◆ WHAT TO PRODUCE ◆
There are pictures in the records below; leave them out and set down exactly the lines from the one holding "Businessman wearing augmented" through the one holding "A lone commercial".

◆ DATA FOR THE TASK ◆
#####
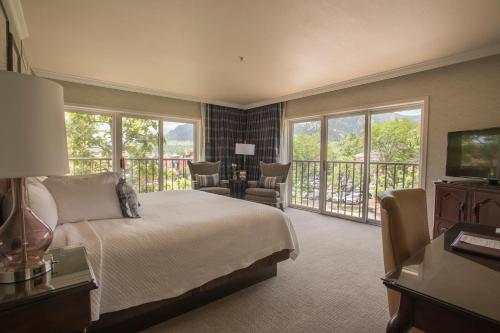 a bedroom with a bed and a balcony at Hotel Boulderado in Boulder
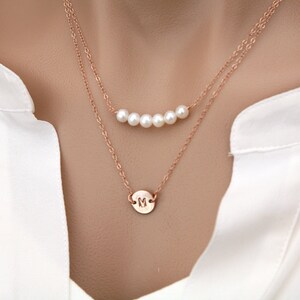 Puede incluir: Un delicado collar de oro con un pequeño colgante redondo con la letra "M" y una fila de cinco perlas blancas.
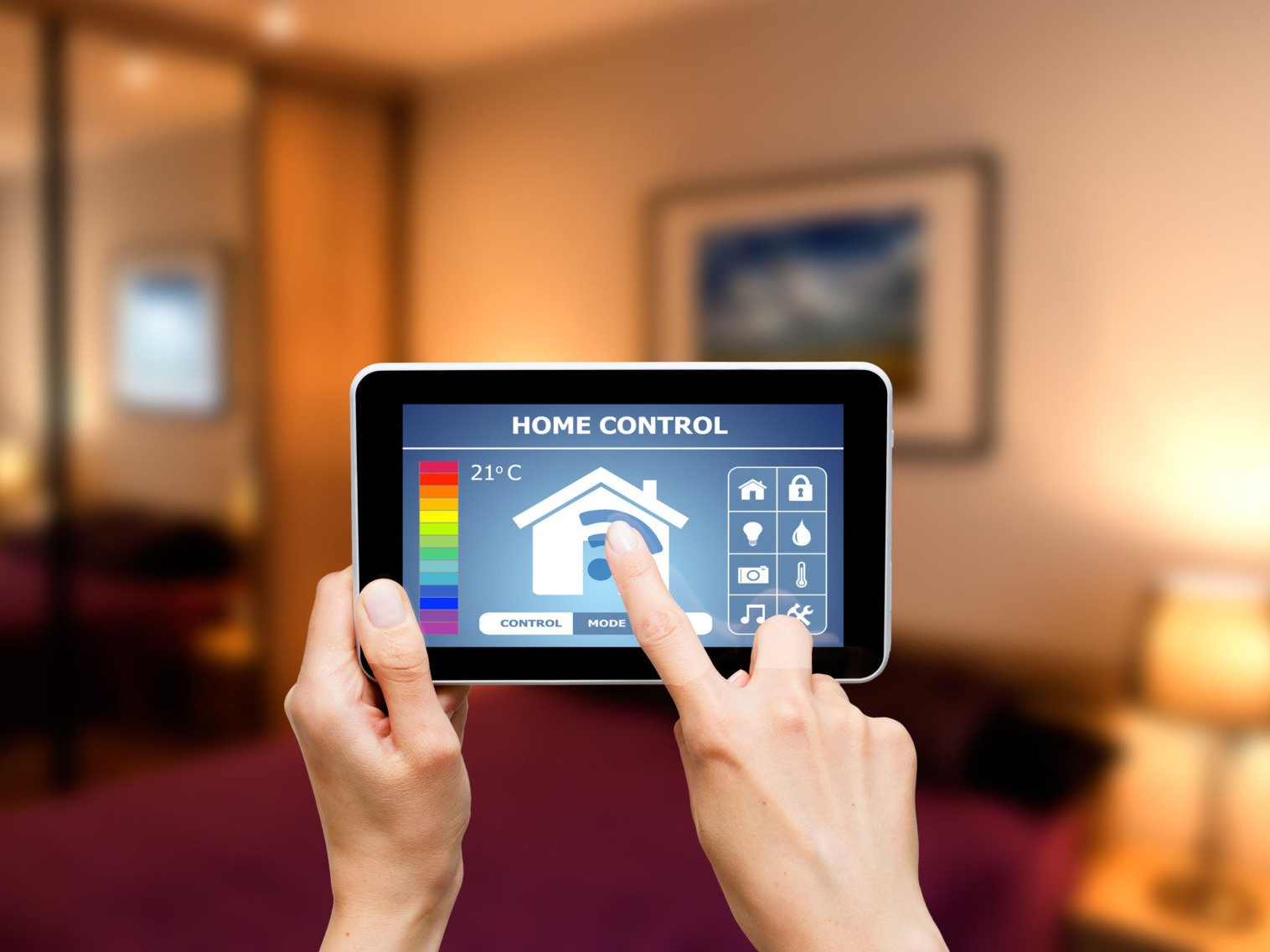 A person is holding a tablet with a home control screen on it.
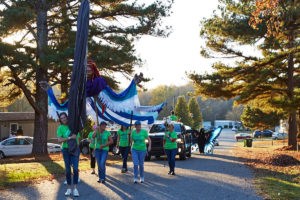 Photo of volunteers carrying giant 5-person puppet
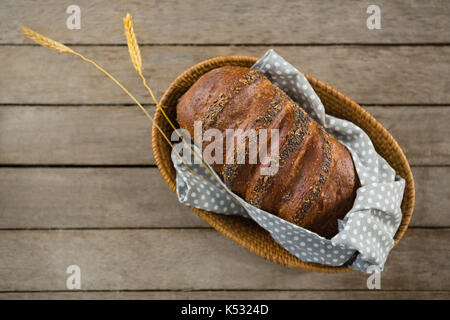 Ansicht von oben von braunem Brot im Korb auf hölzernen Tisch Stockfoto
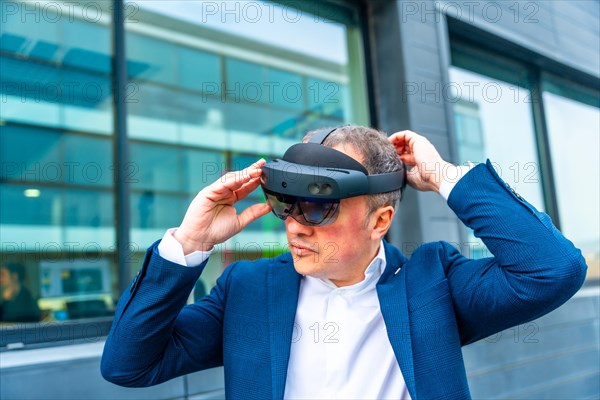 Businessman wearing augmented reality futuristic and innovative goggles outside a financial building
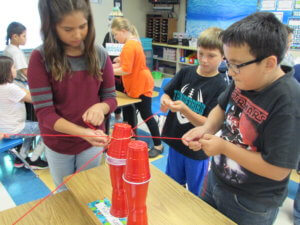 Students pull on strings attached to solo cups to stack them in a tower.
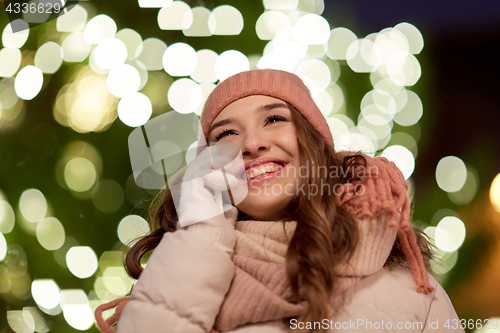 Image of happy woman calling on smartphone at christmas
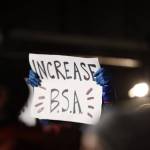 A protester holds a sign advocating for an increase in the states base student allocation during a rally at the steps of the Alaska State Capitol Monday evening. (Clarise Larson / Juneau Empire)
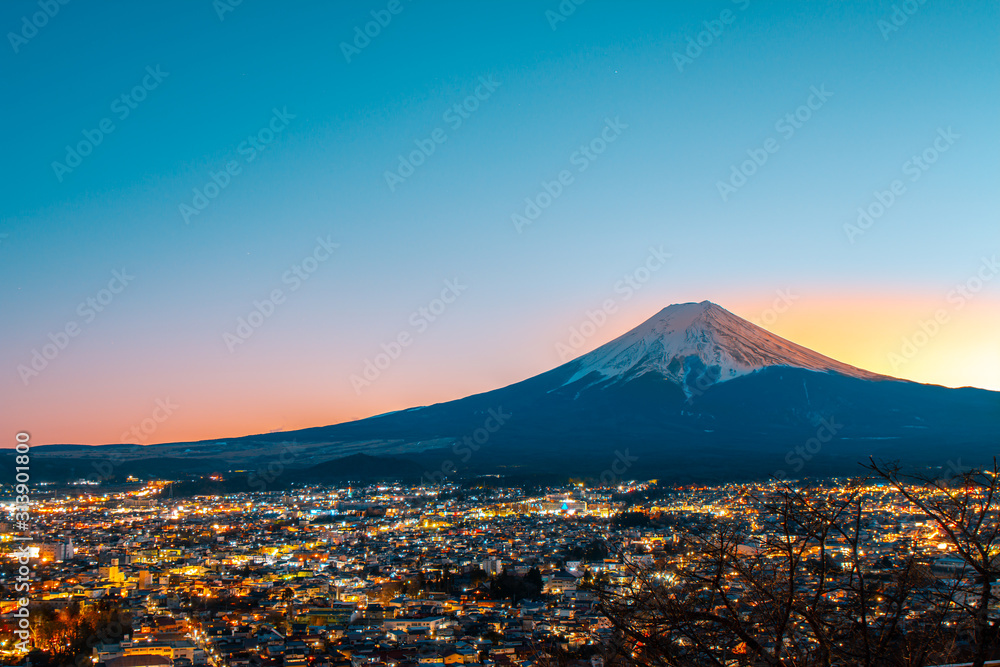 The twilight of the city below Mount Fuji, sunset.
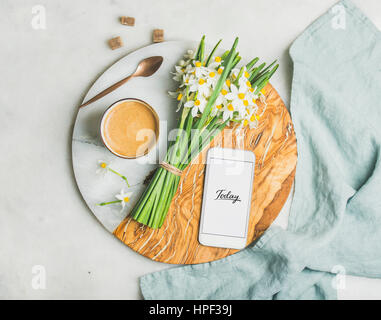 Tasse de café du matin, seau de fleurs de printemps et d'un téléphone mobile avec le texte aujourd'hui sur le service à bord en marbre gris clair sur arrière-plan, Vue de dessus. Matin Banque D'Images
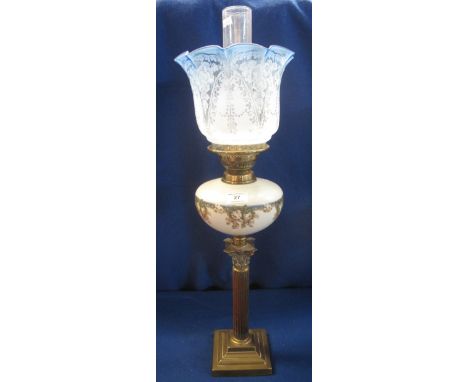 Early 20th Century double burner oil lamp with Corinthian brass column, floral reservoir and pale blue etched shade and clear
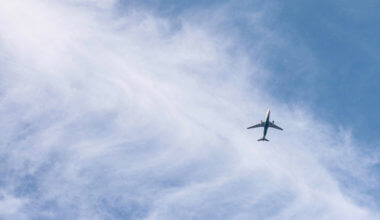 A lone commercial airplane flying against the bright blue sky
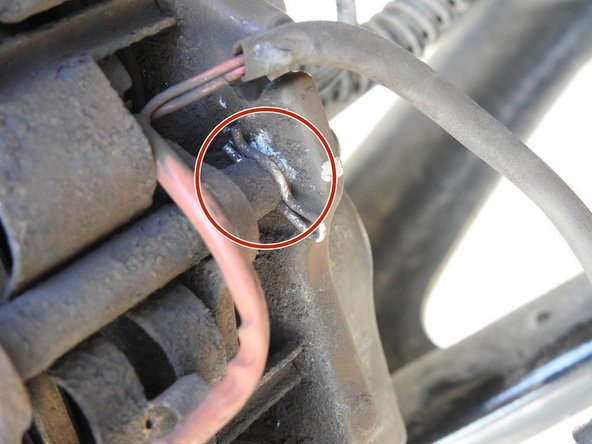 Une fois les pistons rentrés, les plaquettes doivent bouger, il faut maintenant retirer l’axe en métal qui traverse les deux plaquettes et qui maintient la plaque de maintien (désolé pour les termes mais je ne suis pas du métier). Pour retirer celui, il faut d’abord retirer la goupille avec une pince.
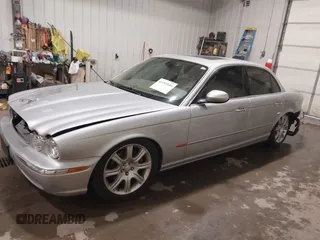 2004 Jaguar XJ with VIN SAJWA71C04SG33993, listed as a IAAI auction lot 41193040 with 79,944 mi miles. Bid and sale history available at carsss.com. Image 17.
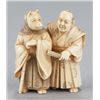 Image 6 : An ivory netsuke of the fox priest and village hea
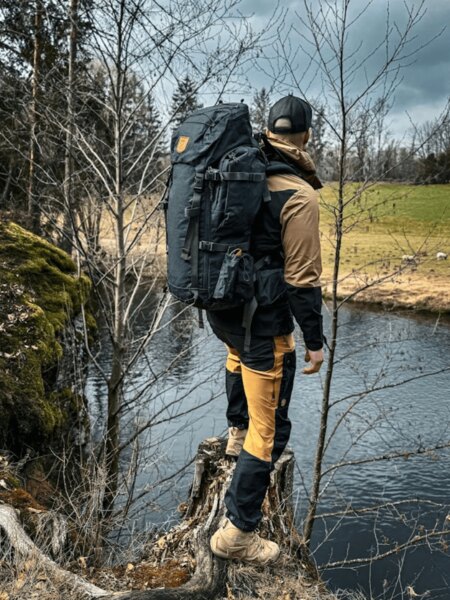 Outdoorové nohavice Fjällräven a batoh pri riečnom brehu v prírode. Foto: Rigad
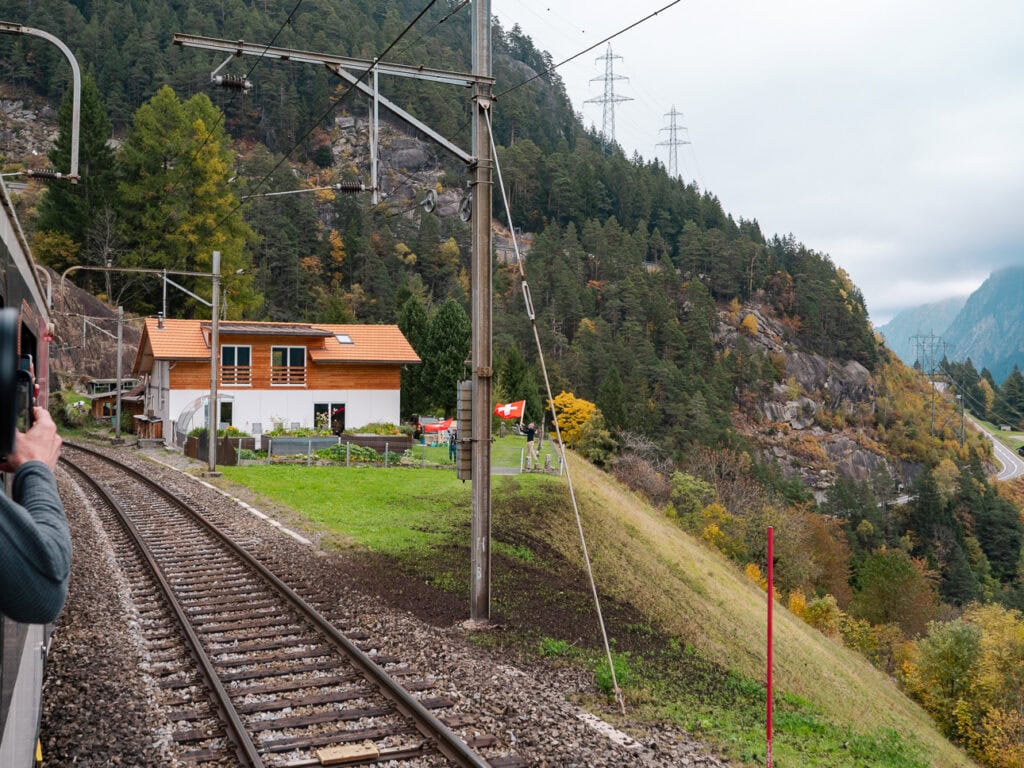 A train track running past a rural house above Wassen, where local Swiss flag wavers greet passing trains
#####
◆ THE ANSWER ◆
 Businessman wearing augmented reality futuristic and innovative goggles outside a financial building
 Students pull on strings attached to solo cups to stack them in a tower.
 Image of happy woman calling on smartphone at christmas
 A protester holds a sign advocating for an increase in the states base student allocation during a rally at the steps of the Alaska State Capitol Monday evening. (Clarise Larson / Juneau Empire)
 The twilight of the city below Mount Fuji, sunset.
 Tasse de café du matin, seau de fleurs de printemps et d'un téléphone mobile avec le texte aujourd'hui sur le service à bord en marbre gris clair sur arrière-plan, Vue de dessus. Matin Banque D'Images
 Early 20th Century double burner oil lamp with Corinthian brass column, floral reservoir and pale blue etched shade and clear
 A lone commercial airplane flying against the bright blue sky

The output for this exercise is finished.